#### Available data

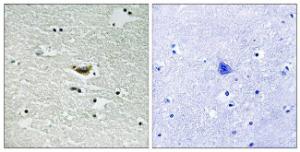 Immunohistochemical analysis of paraffin-embedded human brain using Anti-CK-1 alpha (phospho Tyr294) Antibody The right hand panel represents a negative control, where the antibody was pre-incubated with the immunising peptide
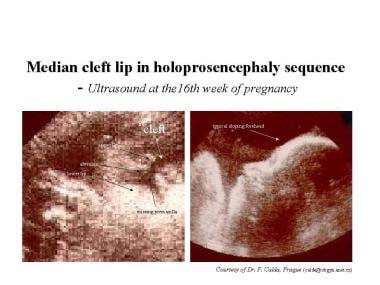 Median cleft lip on ultrasound. 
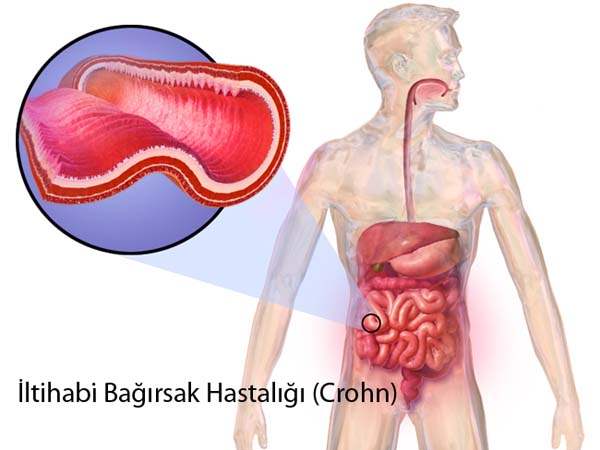 Crohn Hastalığı İle Omurga Problemleri Arasındaki Bağ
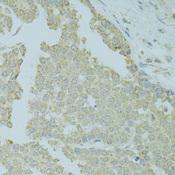 MTFP1 Antibody - Immunohistochemistry of paraffin-embedded Human colon carcinoma using MTFP1 Polyclonal Antibody at dilution of 1:100 (40x lens).
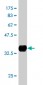 TROVE2 Antibody (monoclonal) (M01)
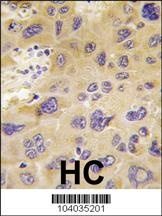 PFKFB1 Antibody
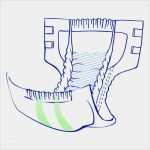 Seni Man Super Vorlagen Elegant Inkontinenzslip Super Seni Trio Small Ve 10 Stück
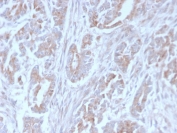 IHC staining of FFPE human colon carcinoma with ICOSLG antibody (clone ICOSL/3111). HIER: boil tissue sections in pH 9 10mM Tris with 1mM EDTA for 10-20 min and allow to cool before testing.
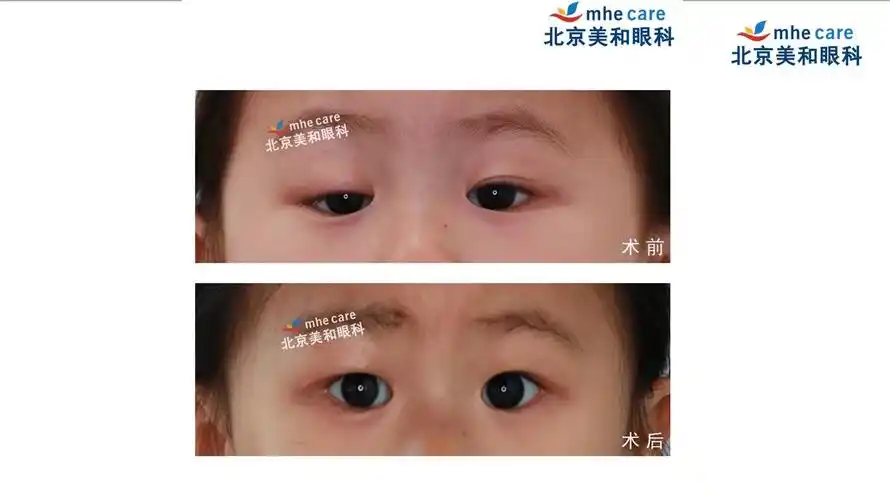用匠人精神做儿童上睑下垂手术_上睑下垂_上睑下垂治疗方式 - 好大夫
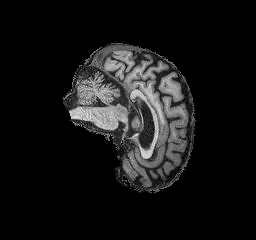 Alzheimer's Classification screenshot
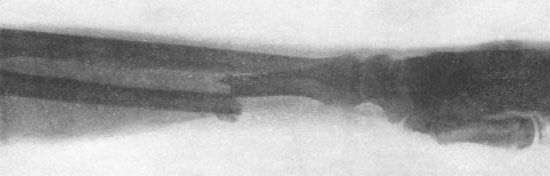 Fig. 46.—Radiogram of Chauffeur's Fracture.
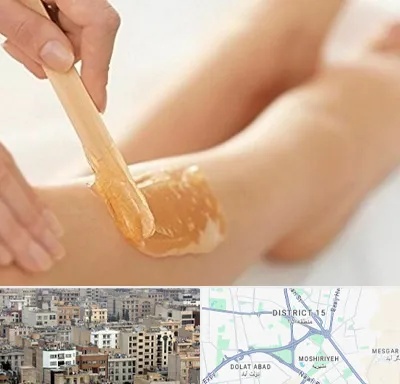 اپیلاسیون بدن در جنوب شرق تهران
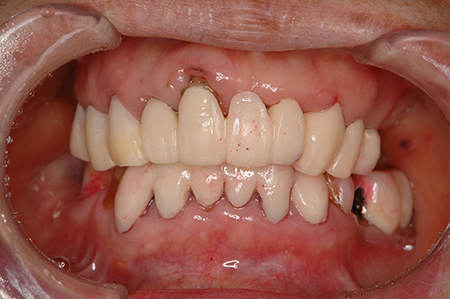歯周病治療のケース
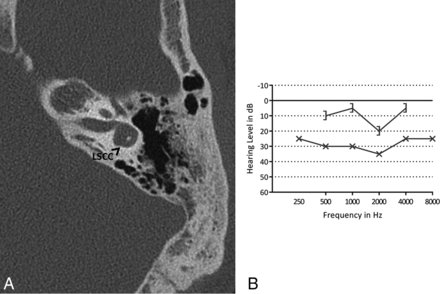Fig 4.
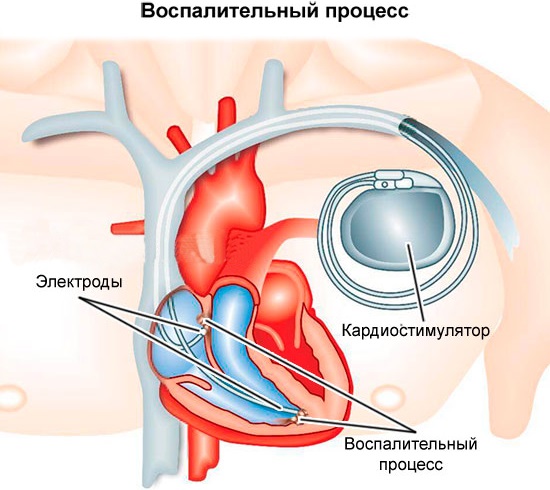 Кардиостимулятор. Что это такое, виды, как работает, сколько стоит, операция по установке, жизнь с ним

########

• [Work required]:
Output the line that contains "Fig. 46.—Radiogram of Chauffeur's Fracture." and every line after it to the end of the records, word for word, leaving out the pictures.

• [Finished task]:
 Fig. 46.—Radiogram of Chauffeur's Fracture.
 اپیلاسیون بدن در جنوب شرق تهران
歯周病治療のケース
Fig 4.
 Кардиостимулятор. Что это такое, виды, как работает, сколько стоит, операция по установке, жизнь с ним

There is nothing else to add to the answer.